# Your goal
From the first line of the listing to the last, set down everything exactly, but skip the images.

# Information shown
[Start of section]

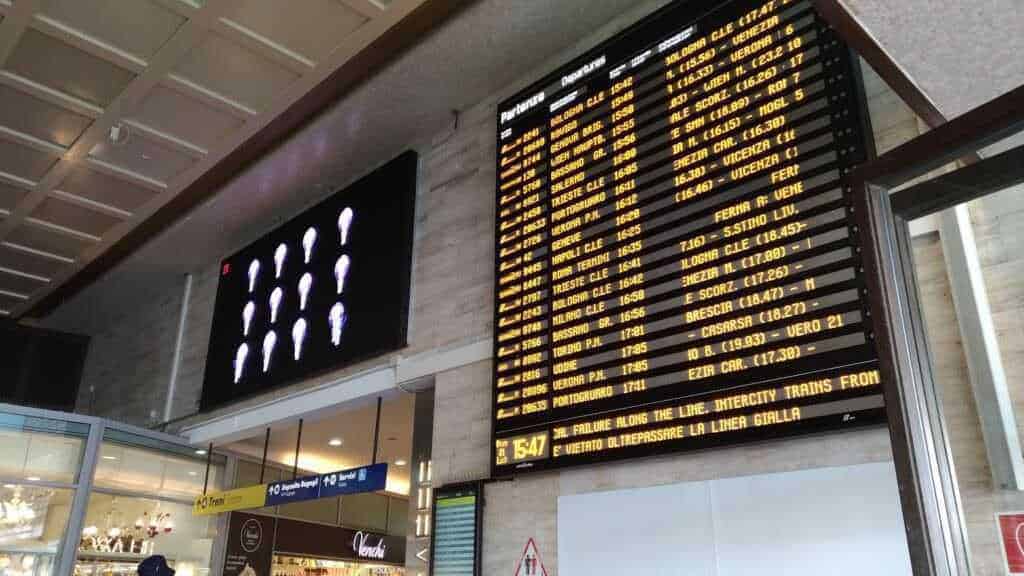 stazione di Verona Porta Nuova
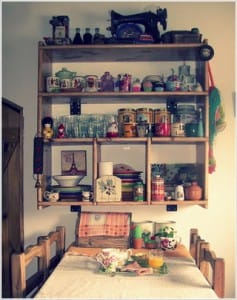 Comedores con encanto retro - Decoración de Interiores y Exteriores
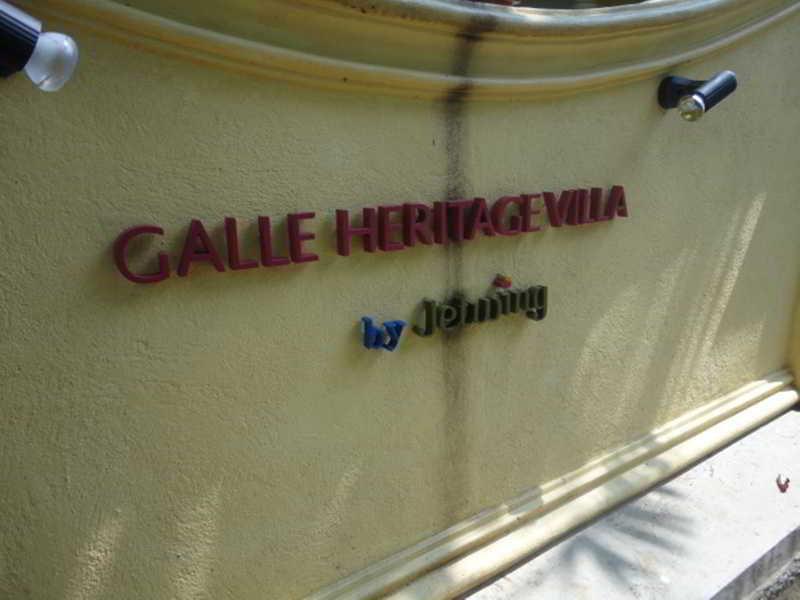 Galle Heritage Villa By Jetwing Exterior photo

[End of section]

# Answer to the exercise
 stazione di Verona Porta Nuova
 Comedores con encanto retro - Decoración de Interiores y Exteriores
 Galle Heritage Villa By Jetwing Exterior photo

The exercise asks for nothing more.